Dit neanderthalerkind had waarschijnlijk meer zorg nodig dan leeftijdsgenootjes, zegt Conde Valverde. Het kind kan het bijvoorbeeld moeilijk hebben gehad om zich naar nieuwe plekken te verplaatsen, vanwege de duizeligheidaanvallen die voorkomen bij het syndroom van Down. ‘We denken dat de moeder waarschijnlijk hulp nodig had’, zegt ze, omdat de intensievere zorg voor de kinderen haar en mogelijk ook de vader zou belemmeren bij het doen van andere belangrijke activiteiten, zoals het verzamelen van voedsel.
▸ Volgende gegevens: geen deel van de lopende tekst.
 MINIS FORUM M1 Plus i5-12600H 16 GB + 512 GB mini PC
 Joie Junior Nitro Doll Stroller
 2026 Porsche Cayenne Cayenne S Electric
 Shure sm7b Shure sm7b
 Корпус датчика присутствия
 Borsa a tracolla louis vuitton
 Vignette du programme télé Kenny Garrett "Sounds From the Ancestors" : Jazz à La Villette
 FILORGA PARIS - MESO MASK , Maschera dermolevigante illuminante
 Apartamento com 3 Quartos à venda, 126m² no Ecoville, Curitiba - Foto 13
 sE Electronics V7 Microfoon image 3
Het is onwaarschijnlijk dat de neanderthalers in de groep verwachtten dat het kind veel praktische hulp kon leveren, zegt Conde Valverde. Ze zullen dus voor het kind hebben gezorgd uit puur medeleven.

Bijdrage

Antropoloog Sarah Turner van de Concordia-universiteit in Montreal, Canada, die niet meedeed aan het onderzoek, is het niet eens met deze verwachting. ‘Mensen met het syndroom van Down dragen op allerlei manieren bij aan moderne samenlevingen’, zegt ze. ‘En ik weet zeker dat dat in de neanderthalersamenleving ook zo was.’

‘Er is veel variatie in wat als een handicap wordt beschouwd en hoe mensen met een handicap worden behandeld in verschillende menselijke contexten’, zegt Turner. ‘Mededogen is een mogelijke motivator, maar zonder te weten over iemands leven en hoe hij werd behandeld en zich gedroeg, denk ik niet dat we veel kunnen zeggen over hoe en waarom hij overleefde.’
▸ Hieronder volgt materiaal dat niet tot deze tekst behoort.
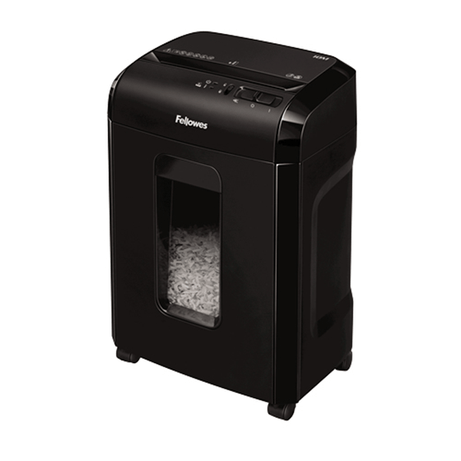 Fellowes Destructora 10M - Imagen 1 de 6 Fellowes Destructora 10M - Imagen 1 de 6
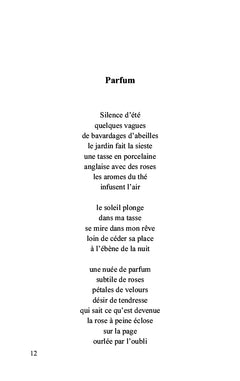 Semence des mots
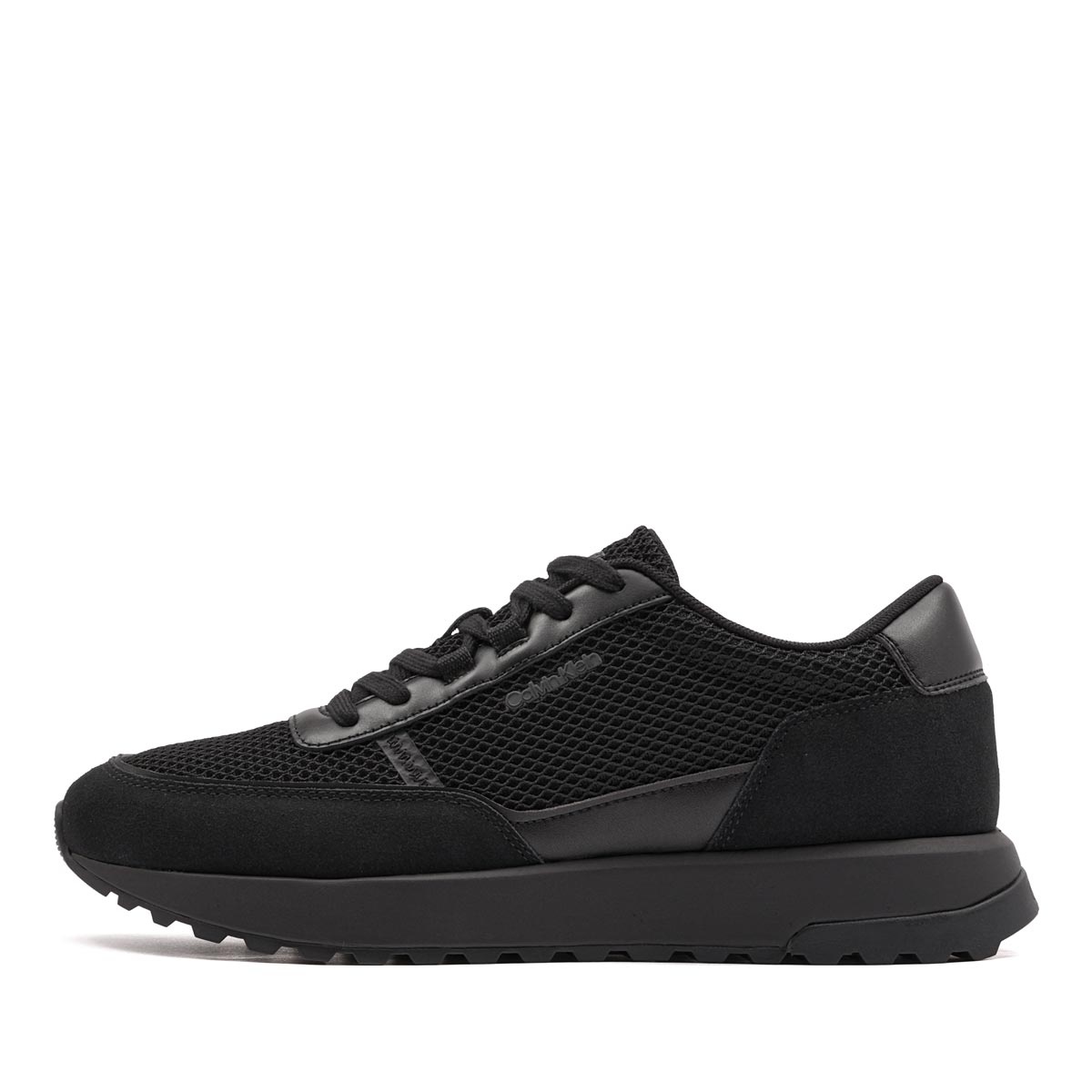 Calvin Klein City Runner LaceUp NY-REC Su Pantofi sport bărbați HM0HM022150GJ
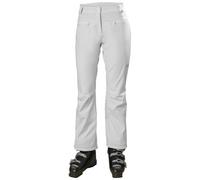 Helly Hansen - Bellissimo 2 Pant - Pantalon ski femme White - XL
Turner toonde eerder aan dat wilde primaten die met handicaps of ontwikkelingsstoornissen worden geboren lang kunnen overleven. Zo is er een geval bekend van een babychimpansee die geboren werd met wat het syndroom van Down leek te zijn. Die overleefde zolang de moeder hulp kreeg van een oudere dochter, maar stierf nadat de dochter zelf een baby kreeg en niet langer kon helpen.

Zorgzaamheid

‘Neanderthalers zorgden duidelijk voor hun groepsgenoten. Dit is een prachtig voorbeeld dat duidelijk maakt hoeveel ze om elkaar gaven’, zegt archeoloog Penny Spikins van de Universiteit van York in het Verenigd Koninkrijk, die niet betrokken was bij het onderzoek.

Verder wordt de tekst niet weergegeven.